## HOW TO COMPLETE THIS TASK
Give back exactly the lines starting at the one with "yellow scorpion.jpg" and ending at the last line of the data below. Pictures are not part of the copy.

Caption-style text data
+++++
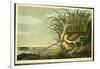 Male and Female Long Billed Curlew-John James Audubon-Framed Giclee Print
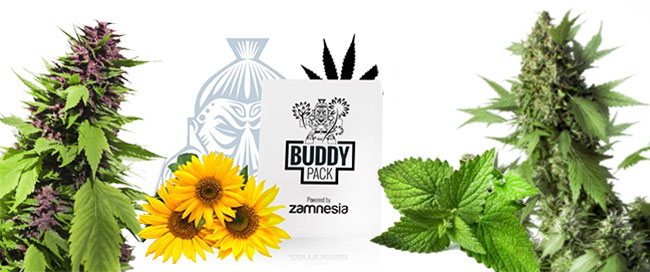 Verstecken cannabis wachsen begleiter Verstecken cannabis wachsen begleiter
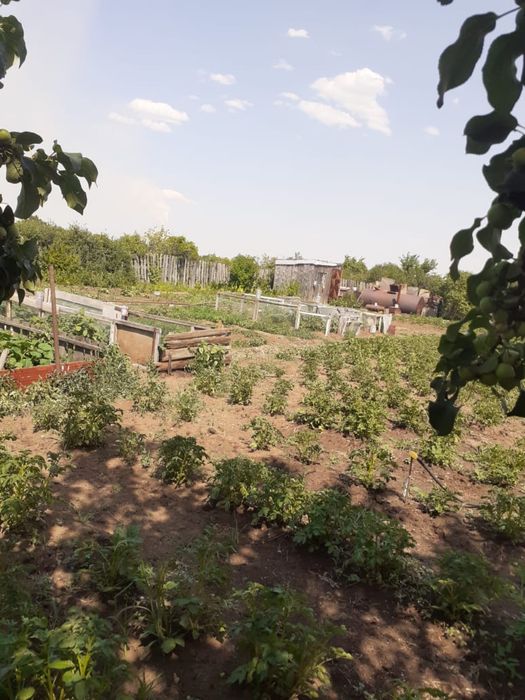 Прадам дачу общество Союз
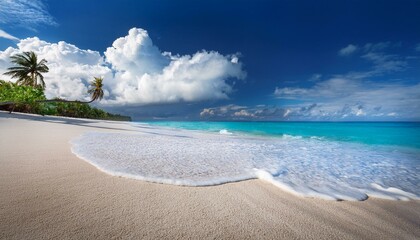 beach with white sand, cloud, palm tree and wave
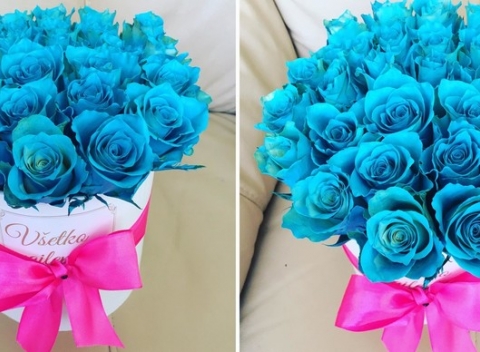 Kytička mini modrých ruží s donáškou priamo domov. Záplava kvetín, ktorá poteší každú ženu.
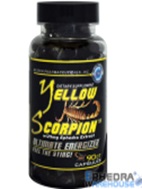 yellow scorpion.jpg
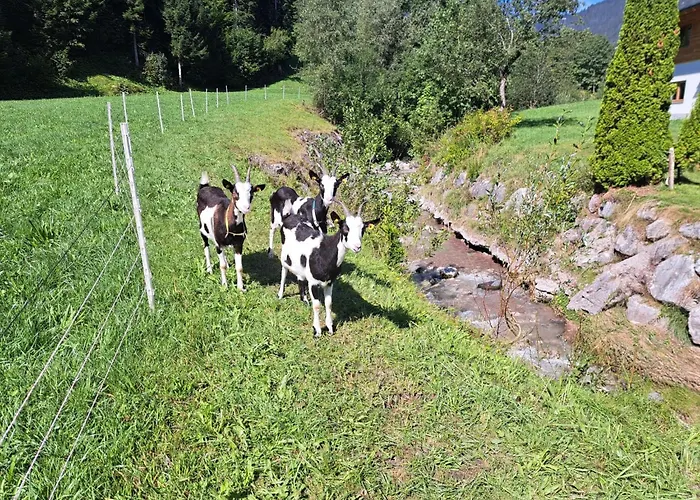 Waidmannsheil - 67qm By Interhome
+++++
## ANSWER BOX
 yellow scorpion.jpg
 Waidmannsheil - 67qm By Interhome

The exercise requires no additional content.